THE FIRST thing that will happen when one's mind stops being focussed on material objects is that it will make objects for itself. As it empties of sensations of sight or sound or touch or taste it fills up again with images. They are images of sight and sound and of touch and taste, but they are tied by association, which is to say in time. Each one follows ana provokes the next one.The Finding Place is built up in this way. Your eye catches first the shape of a house coming out of the painted surface. Then across and after this you see another sketch, one of Klee's childlike symbols for the house facade. At first there is a look of Gris or Picasso taking objects to bits and recombining them. Only instead of a putting together in space it is a coming after in time. Instead of stylizing objects to build up an analogy of form, Klee plays variations on a form which bring object analogies tumbling after them. Here a dog-tooth shape creates a mat, wineglasses, roofs and pyramids successively.
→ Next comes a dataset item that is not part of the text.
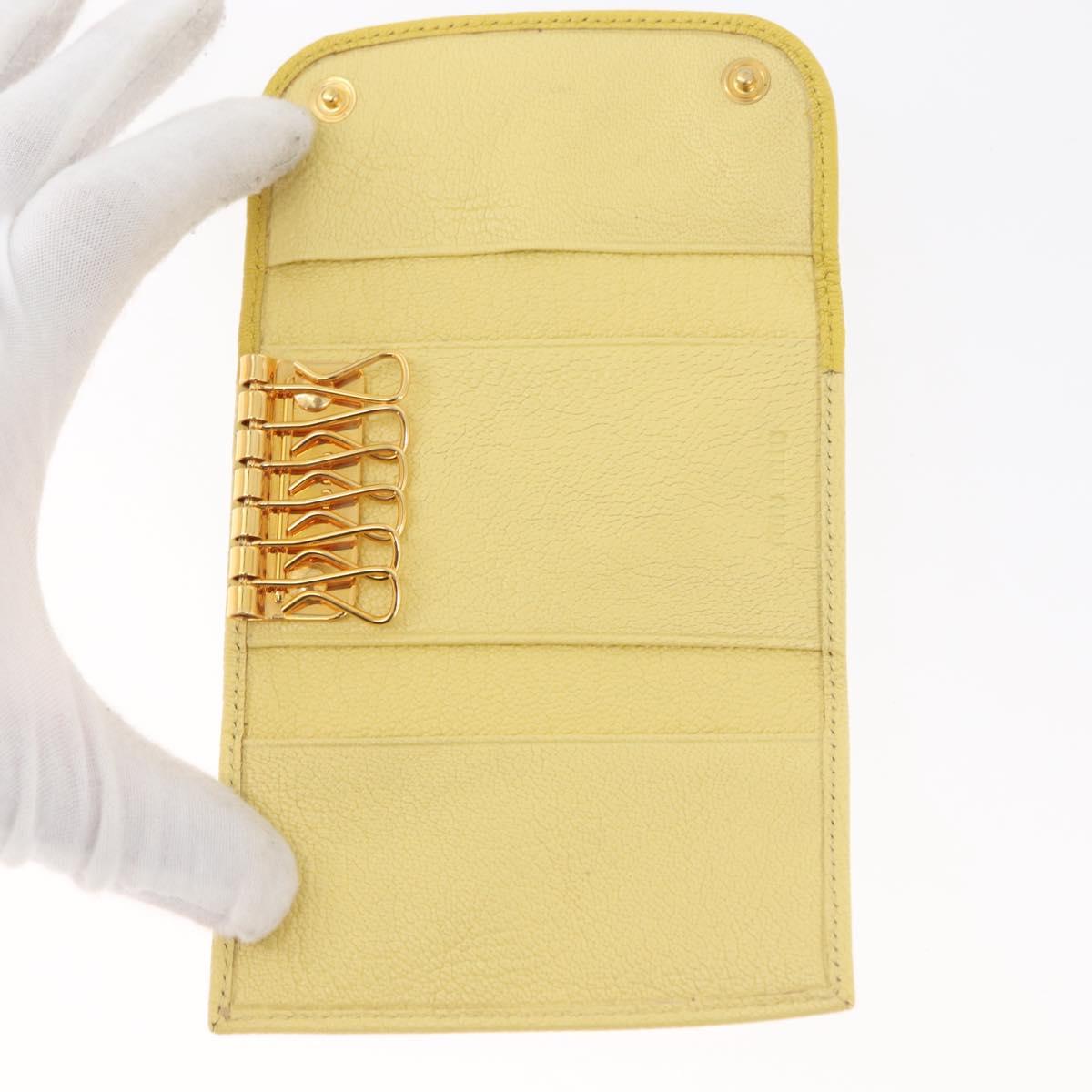 Miu Miu Key Case Leather Yellow Gold Auth 181289A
Then it is echoed in larger forms. Finally the artist varies it to the square and cube and so goes into another series. Then the same thing happens again with the square and cube themselves and with the ladder form, step form, rod form and the sphere or ball. It is like Joyce's punning. Each new allusion you find adds to the states of living and feeling touched on and makes the symbol stronger. But in Klee the symbol is a form. A thought, as Von Wedderkop puts it, which when expressed and argued is destroyed, can exist in the formal content of Klee's pictures. Taken together the effect of these themes or variations is to give you the sense of a complete world. It is the material world seen subjectively, through the reversed telescope of association.